» DATA IN THIS EXERCISE

──────────────────────────────

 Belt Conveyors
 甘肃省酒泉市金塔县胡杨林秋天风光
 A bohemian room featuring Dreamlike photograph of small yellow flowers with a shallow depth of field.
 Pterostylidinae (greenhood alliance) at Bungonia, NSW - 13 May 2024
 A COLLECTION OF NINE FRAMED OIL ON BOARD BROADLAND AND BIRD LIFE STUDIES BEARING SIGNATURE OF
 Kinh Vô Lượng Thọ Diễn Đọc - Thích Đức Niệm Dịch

──────────────────────────────

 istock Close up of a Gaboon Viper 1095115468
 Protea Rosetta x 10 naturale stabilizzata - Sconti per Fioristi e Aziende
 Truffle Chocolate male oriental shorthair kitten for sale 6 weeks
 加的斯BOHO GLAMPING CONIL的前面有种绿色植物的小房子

──────────────────────────────

» WORK ORDER
Going down the listing above, begin printing at the line with "Pterostylidinae (greenhood alliance)" and finish with the line with "Kinh Vô Lượng", exactly as they appear.

» SOLUTION FOR THIS EXERCISE
 Pterostylidinae (greenhood alliance) at Bungonia, NSW - 13 May 2024
 A COLLECTION OF NINE FRAMED OIL ON BOARD BROADLAND AND BIRD LIFE STUDIES BEARING SIGNATURE OF
 Kinh Vô Lượng Thọ Diễn Đọc - Thích Đức Niệm Dịch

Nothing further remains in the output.